I was interested to read the recent Compass piece by Jules Peck, entitled: “Powered by People – who do you trust to keep the lights on”, and the comments on it posted on the website and on Facebook.  Ed Miliband’s father’s views are examined and that raises the question of whether power prices should be a matter for confrontation between “us” and “them”.

In a mutualisation situation the “us” and “them” distinction should not arise – rather, it should be a matter of “us” and “them” together against the world outside.  It then becomes a test of the adulthood of the consumer as to whether he or she is prepared to take commercial risks in the big wide world.

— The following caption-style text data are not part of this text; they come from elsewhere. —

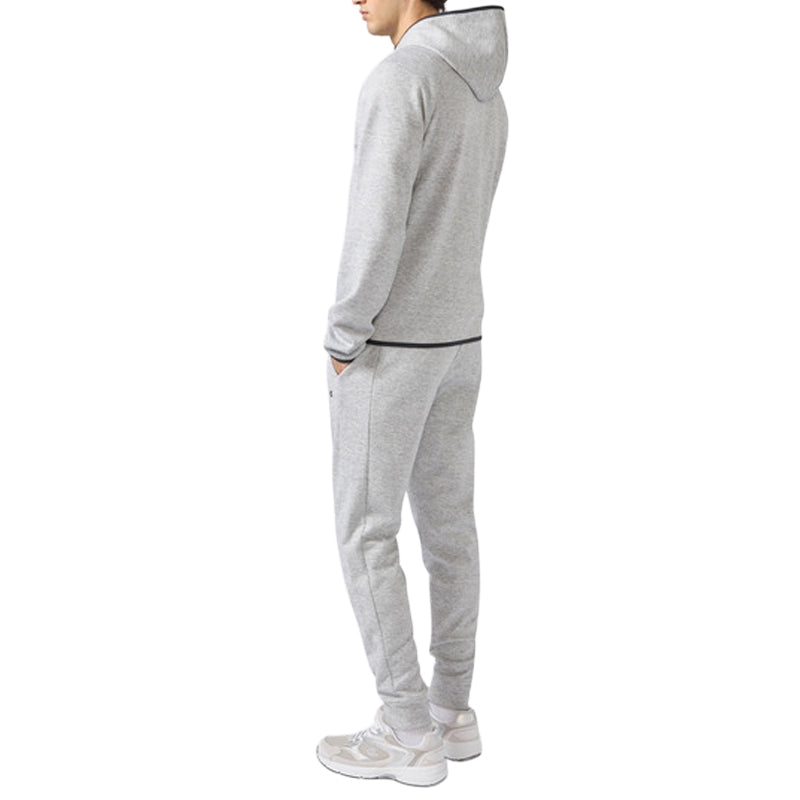 Tuta uomo C-Tech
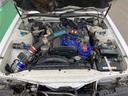 ３．０ＧＴ　ＴＤ０５ツインターボ　車高調　インタークーラー　オイルクーラー　追加インジェクター　ブーストコントローラー　強化クラッチ　トラスト大川ソアラ仕様　ＥＴＣ　ＭＴ　ターボ　アルミホイール（54枚目）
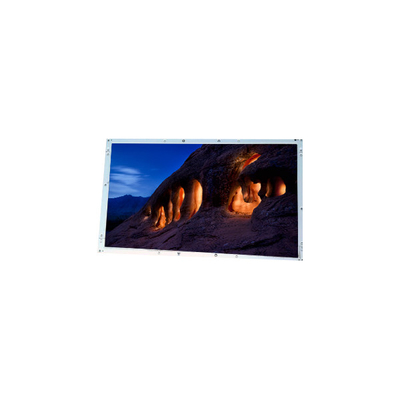 Bon prix LQ0DZA0093 12,1 pouces 800*600 16,2M 100%sRGB écran LCD en ligne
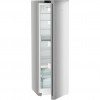 Холодильник Liebherr Side-by-Side XRFsf 5225 и XRFsf 5245 - BioFresh, 185.5 см, A+, SteelFinish, 2 контейнера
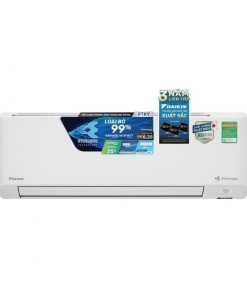 Điều Hòa Daikin Inverter FTKY25WAVMV – 1HP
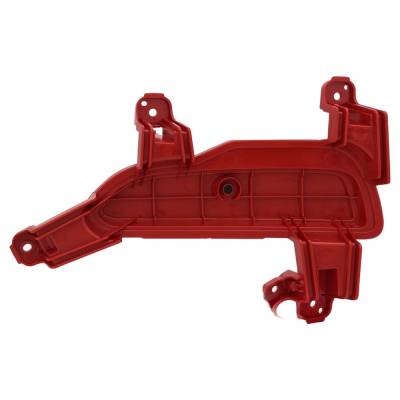 Rareelectrical - New Rear Left Reflector Compatible With Kia Sorento L Sport Utility Sorento Ex Premium Sport Utility - Image 2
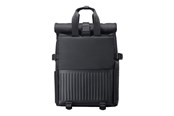 Veske/Hylster/Sekk til bærbar PC - ASUS ProArt PP4600 - 90XB0AA0-BBP000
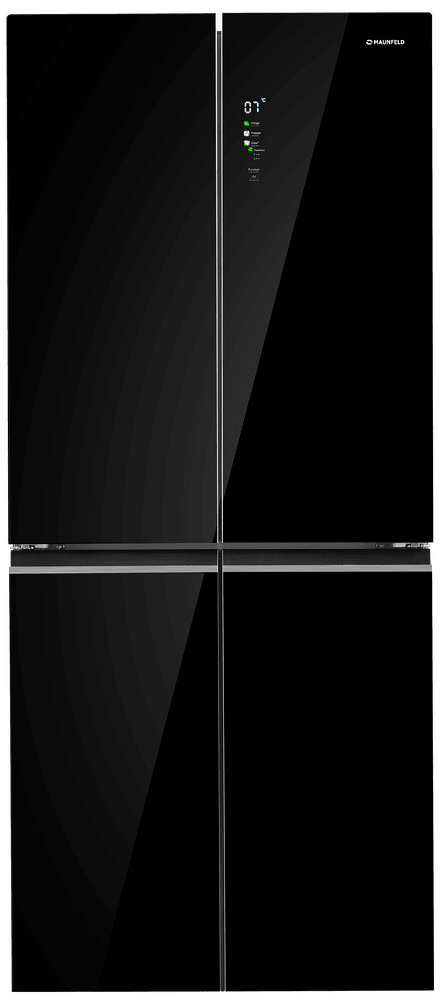 Maunfeld MFF192NFB01 Inverter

At present, this is not an option.  However, if consumers were to own at least part of their energy companies, they would have a better understanding of the commercial pressures and would have the effects of overcharging (if any, in the long term) mitigated for them.

The Co-op offers customers a “divi”.  Why can’t customers have a profit share in their energy suppliers?

In April 2013, I did a piece for Compass which spells out how this could be possible.  Here is an example.

In October 2012, British Gas announced that, on average, £50 of every householder’s annual gas bill was for capital investment.  So, I say, give me £50 worth of shares in British Gas.  It should be the shareholders’ job to pay for capital investment, not the customers’.  Clearly, the regulatory regime is seriously flawed if it allows the energy companies to grow on the backs of its customers in an oligopolistic market.  Ed Miliband is quite right to say that the regulations must be changed.

What would happen, if this proposal were adopted, is that customers would, over a period of time, come to own a significant stake in British Gas.  This is not re-nationalisation.  It is a partial mutualisation, without great upheaval, via the mechanism of existing company law, with customers paying for shares through their bills.

I will leave it to others to comment on the theoretical aspects of this proposal.  It can be adapted for other industries, such as water and banking.  I would only add that the new shares in British Gas ought not to be transferable other than, for example, on the decease of the customer (no more “Sids” going for a quick profit) – otherwise we end up with the same “us” and “them” situation we have now.